Deutsche Bank's new co-CEO Anshu Jain said he will lead the industry in changing compensation structure after promising to slash annual costs by 4.5 billion euros by 2015, a move he said was born out of a grim outlook for retail and investment banking.

"We do not feel comfortable telling you a revenue story. It will be a cost story," he told investors earlier this month.

Yet many are dubious. After all, Deutsche's costs have been bloated by its investment bank, the business that Jain previously ran.

"Deutsche Bank is being more aggressive and it needs to be. But in achieving that target they are much more likely to suffer an impact on their revenue than their peers," Espirito Santo's Lim said.

Deutsche's costs represented 83 percent of income in the second quarter and Jain wants to bring that below 65 percent and into the 55-65 percent range that is seen as a relatively efficient operating level for investment banks.

Analysts said other banks implementing cutbacks risk failing to execute change while losing revenue at the same time.

Banks have held down costs in the past year, but costs in the first half of 2011 were 45 percent higher than six years earlier, according to analysis of 11 European banks by Reuters last year.

Not all the cost pressure originated in bonus payments.

Banks are now taking a hard line on non-compensation costs too, targeting wasteful spending on IT systems, streamlining procurement, moving staff out of pricey locations and getting strict on travel, newspapers and even biscuits.

But in the volatile and rankings-obsessed world of investment banking, the main worry is that cutting back too hard could see top staff walk and income slump, leaving banks wary.

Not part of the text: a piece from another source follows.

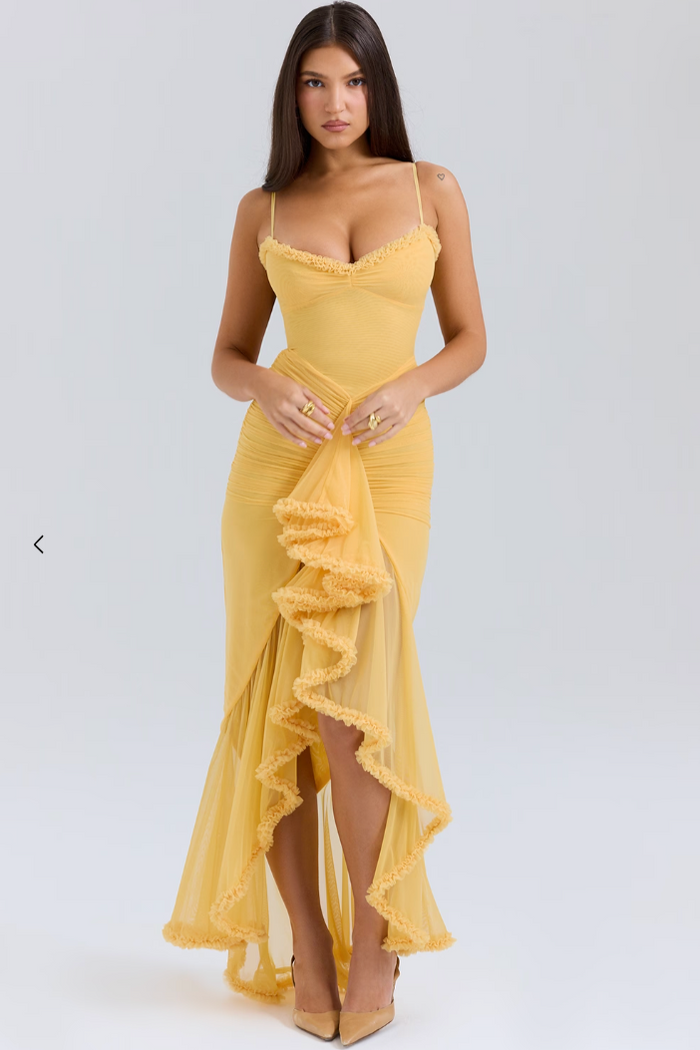 Florencia - Vestido de volantes pasión flamenca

"If they go too far ahead of the competition they might lose market share and lose their job before they are proved right," Maughan said.

That could see a more steady, persistent approach.

"It looks like death by a thousand cuts. Announcing a massive strategic review would send out the message that an institution is deep trouble," said John Purcell, managing director of London headhunters Purcell & Co.